EXERCISE INSTRUCTIONS
Leave the pictures in the listing below aside and reproduce exactly the lines starting with the one with "CUSTOMIZABLE TABLE OF" and going on through the one with "Twink rips clothes", both ends included.

TASK MATERIAL
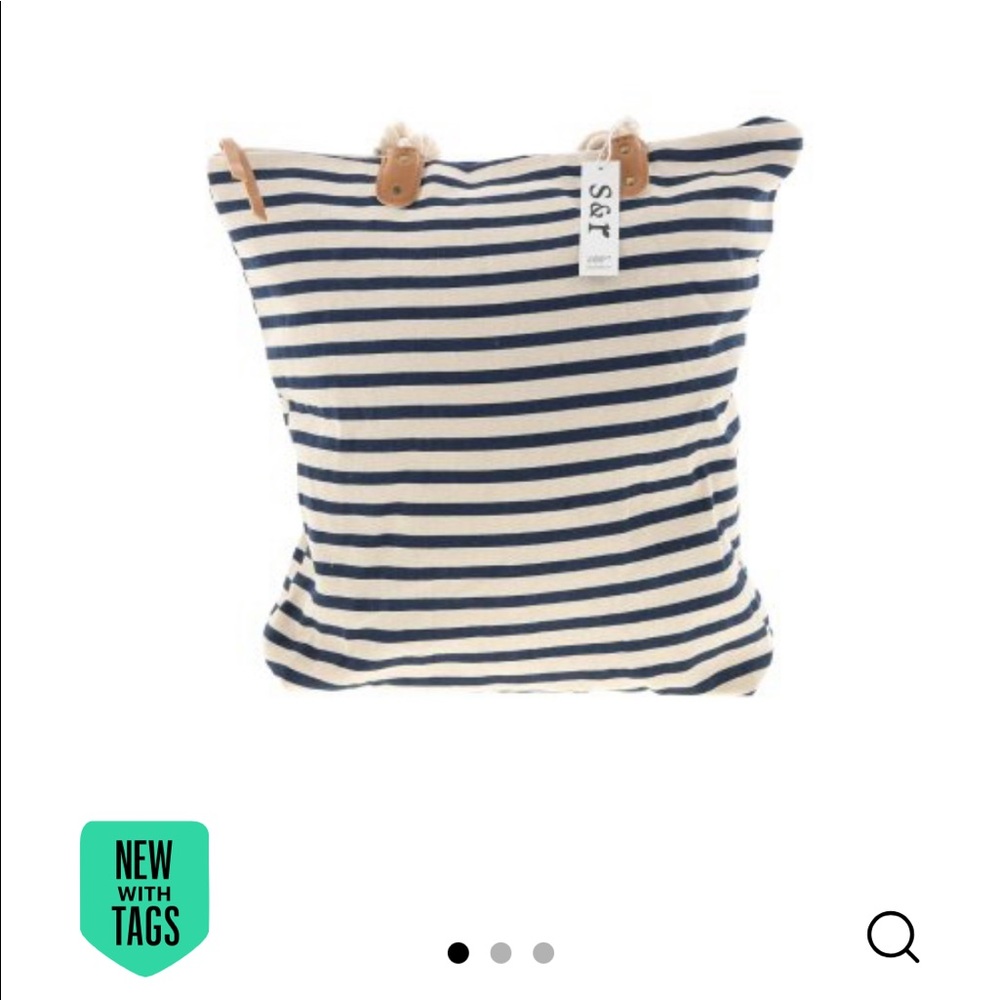 Summer and Rose Navy khaki beach tote bag - Picture 2 of 15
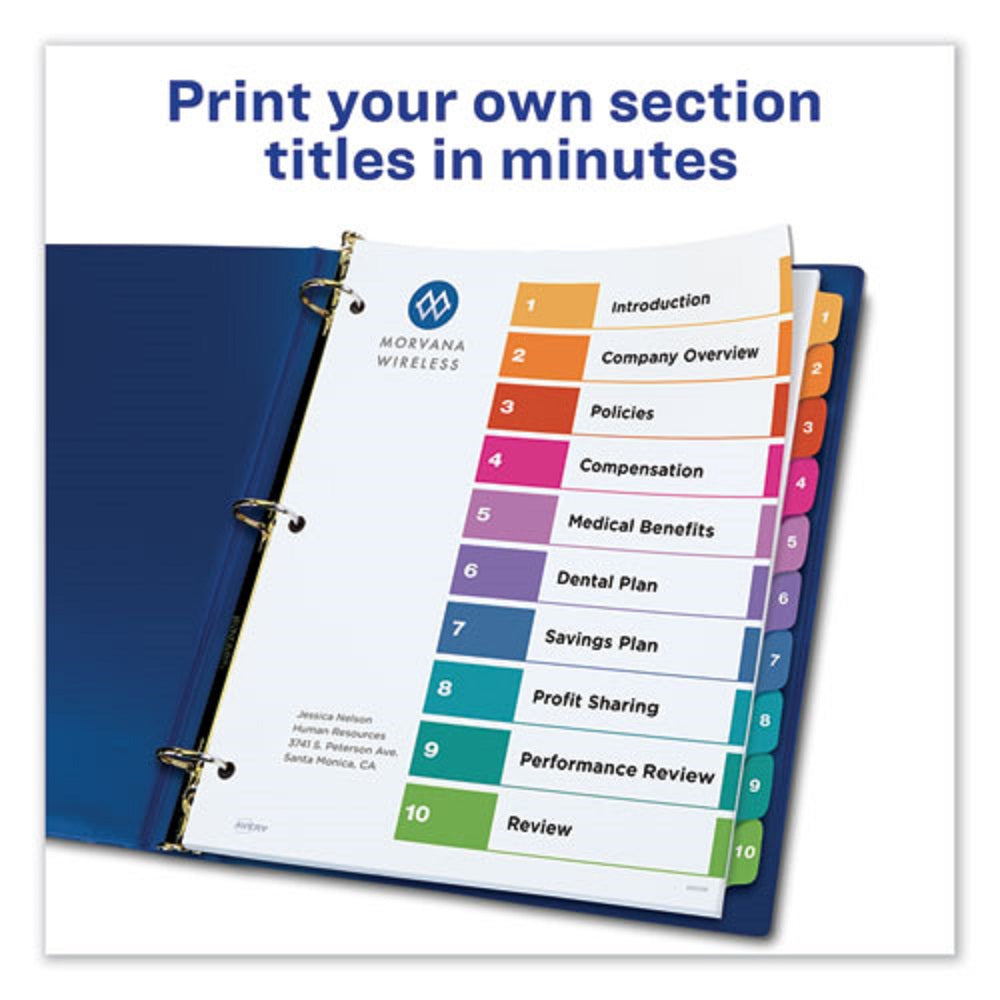 CUSTOMIZABLE TABLE OF CONTENTS READY INDEX DIVIDERS W/ MULTICOLOR TABS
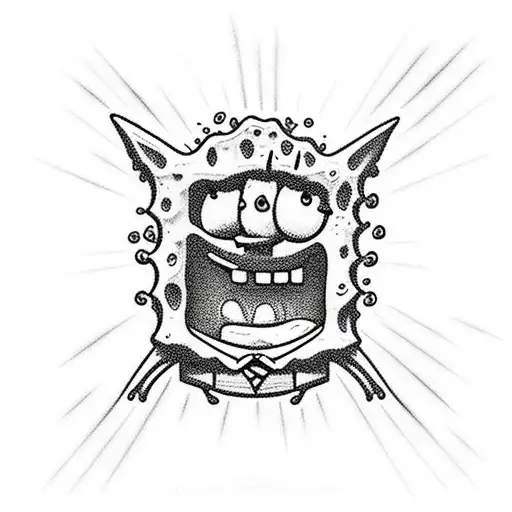 evil spongeBob  tattoo design idea
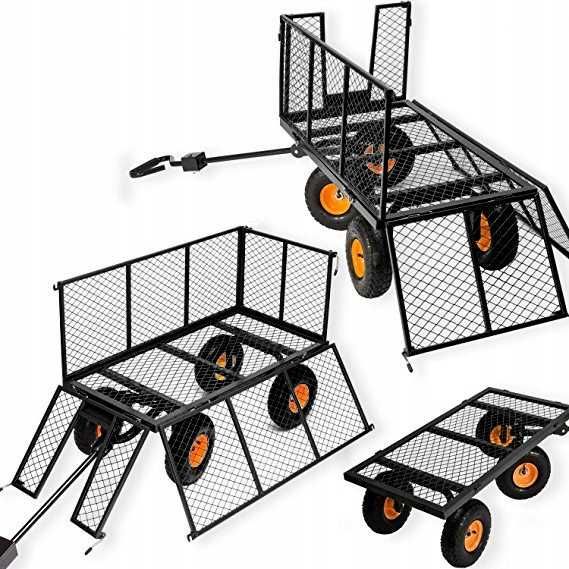 wózek ogrodowy transportowy przyczepka duży 220l 350kg burty+gratis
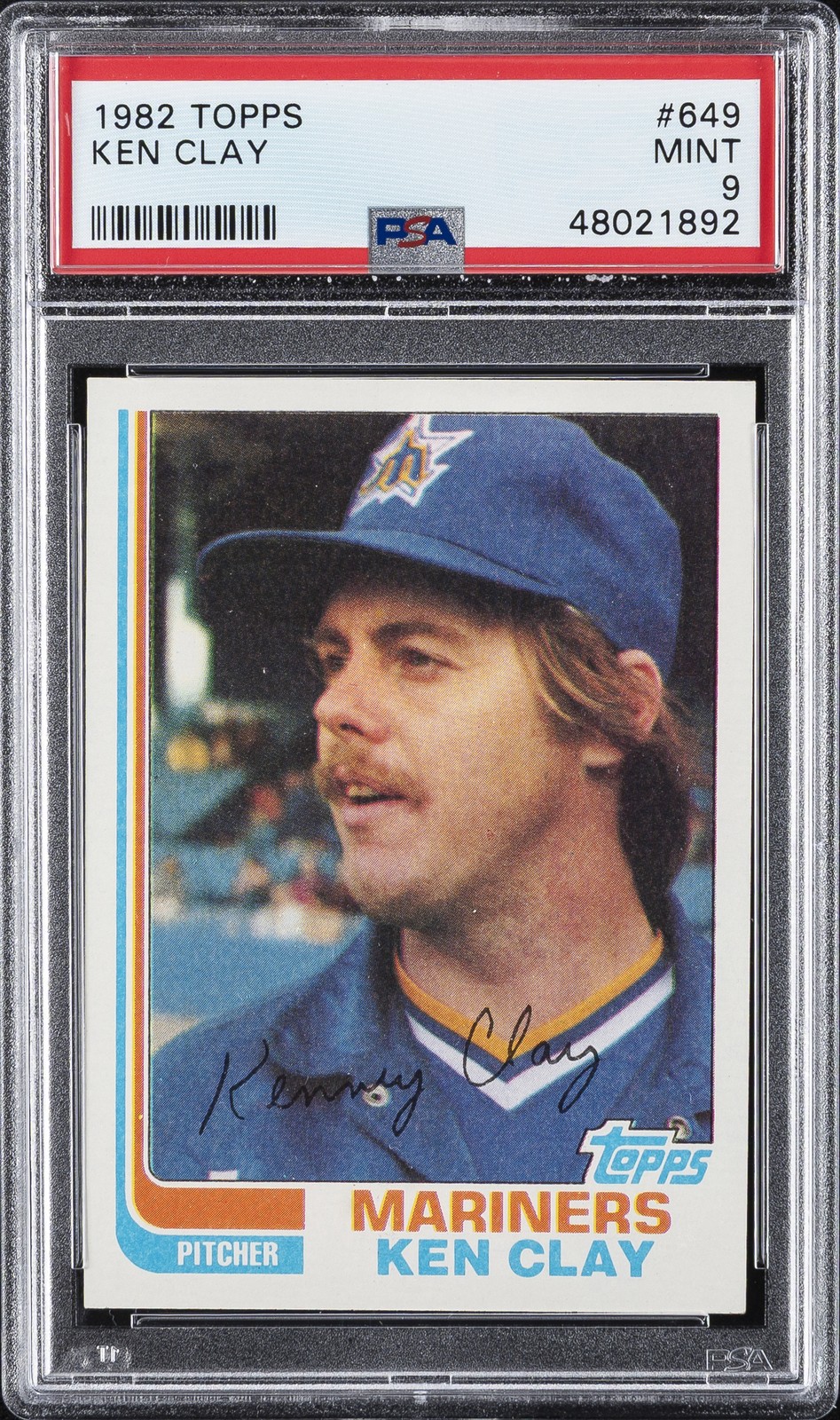 1982 TOPPS #649 KEN CLAY PSA 9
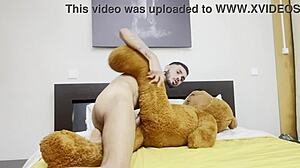 Twink rips clothes off muscular ladyboy in striptease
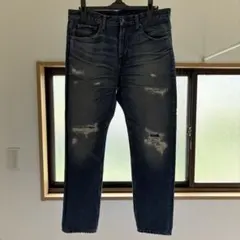 ダメージ加工 スキニーデニム ブルー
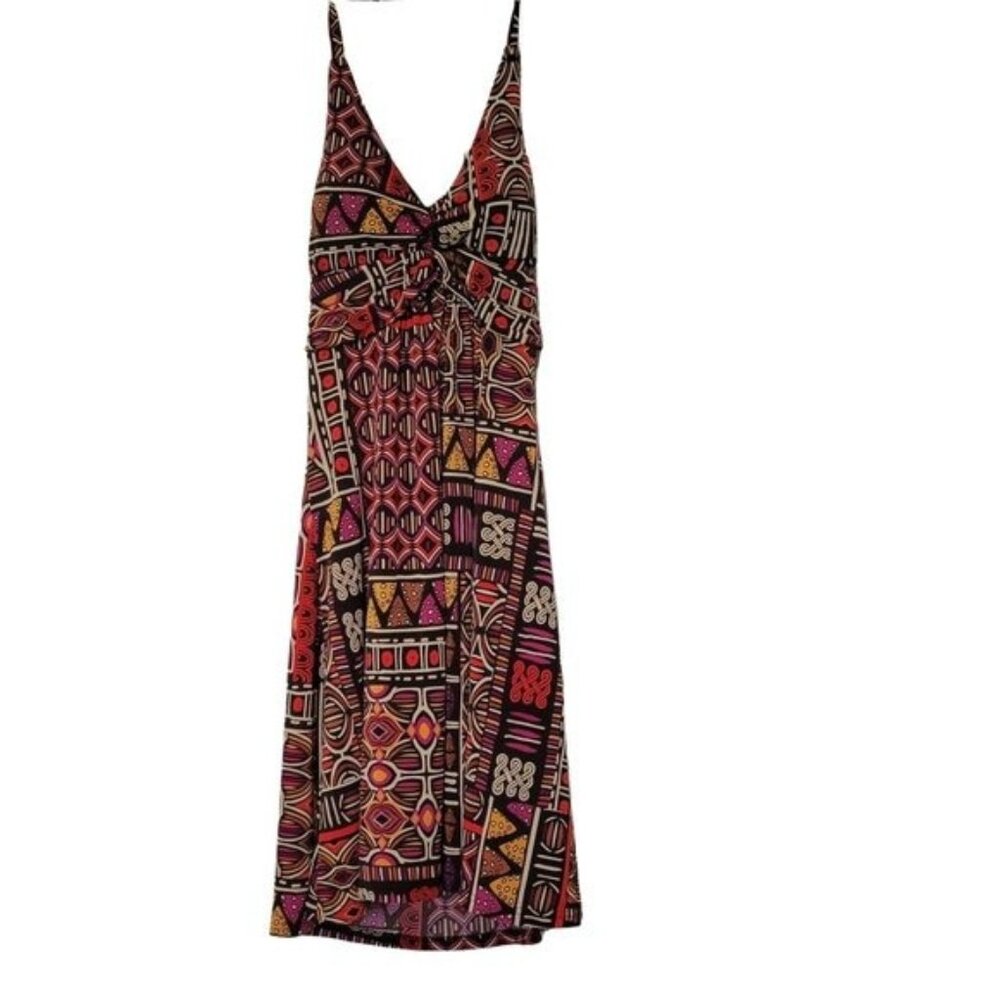 New directions halter style mini dress red print with padding women's 6 1196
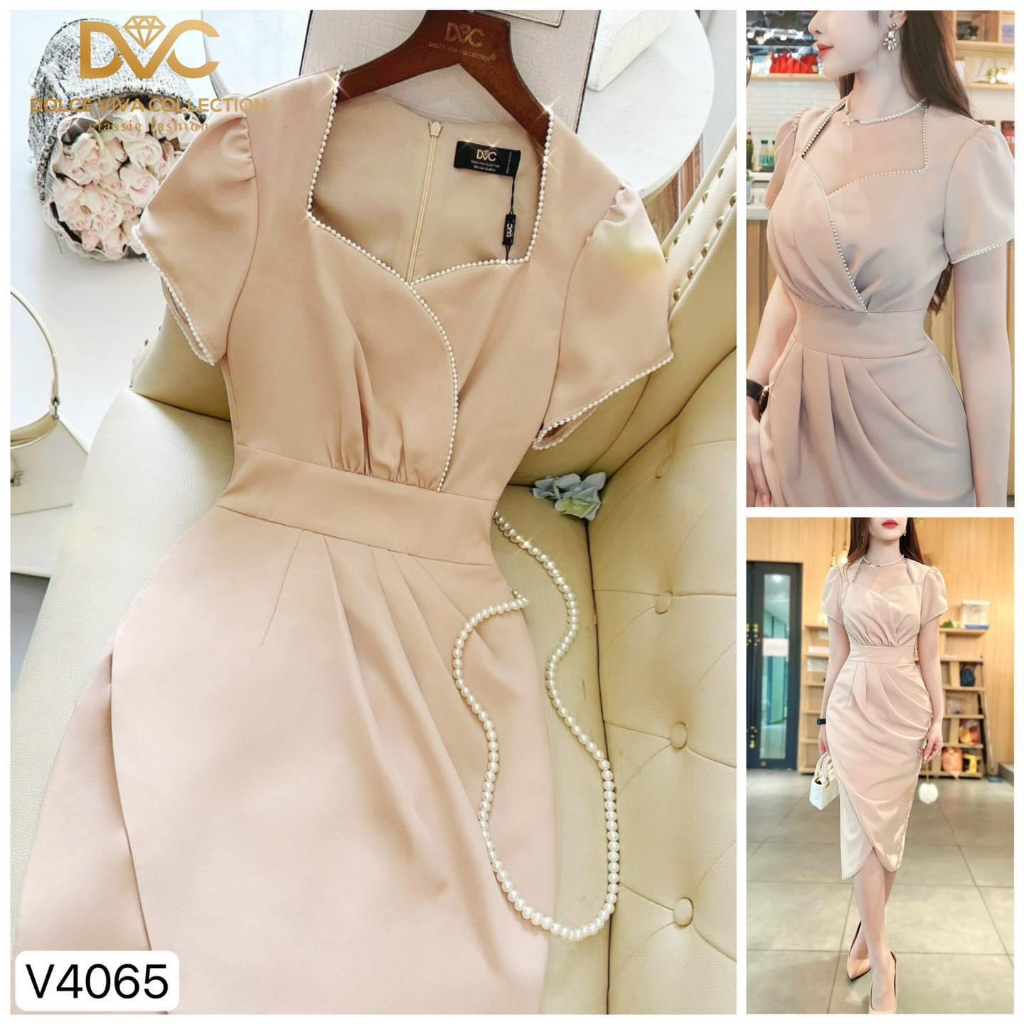 V4065 Váy đầm be cổ tim dáng ôm bút chì nữ tính  váy be nhún eo viền ngọc sang chảnh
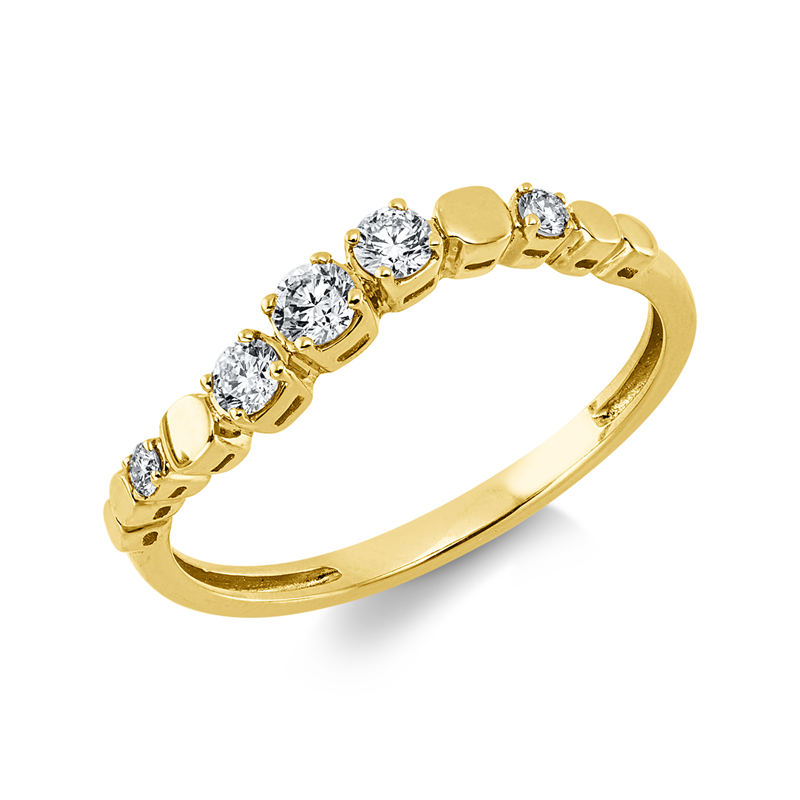 Ring    aus 750/-18 Karat Gelbgold mit 5 Diamanten 0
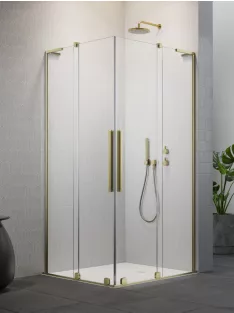   Radaway Furo SL Brushed Gold KDD szögletes szálcsiszolt arany zuhanykabin 90x90 átlátszó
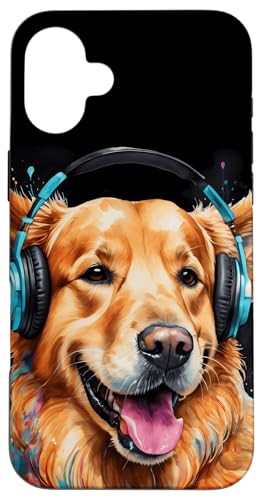 Hülle für iPhone 16 Plus Golden Retriever Kopfhörer Hund Tier Aufdruck Design Print von Wild Life Merch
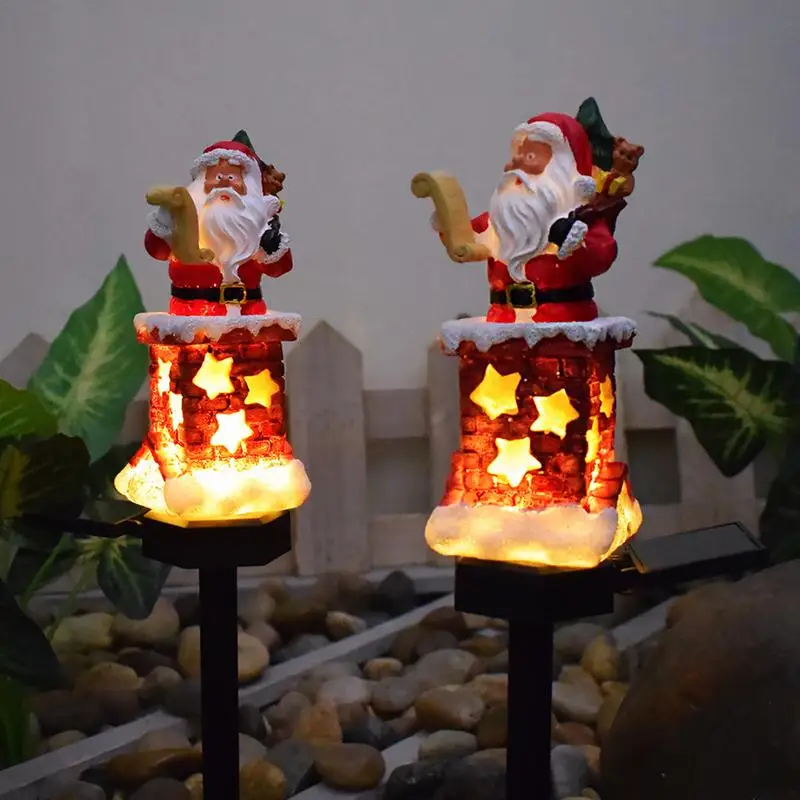 

Solar Christmas Garden Stake Lights Christmas Decor Santa Claus Pathway Stake Lamp Solar Pathway Lights for Gardens Patios Lawns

ANSWER SECTION
 CUSTOMIZABLE TABLE OF CONTENTS READY INDEX DIVIDERS W/ MULTICOLOR TABS
 evil spongeBob  tattoo design idea
 wózek ogrodowy transportowy przyczepka duży 220l 350kg burty+gratis
 1982 TOPPS #649 KEN CLAY PSA 9
 Twink rips clothes off muscular ladyboy in striptease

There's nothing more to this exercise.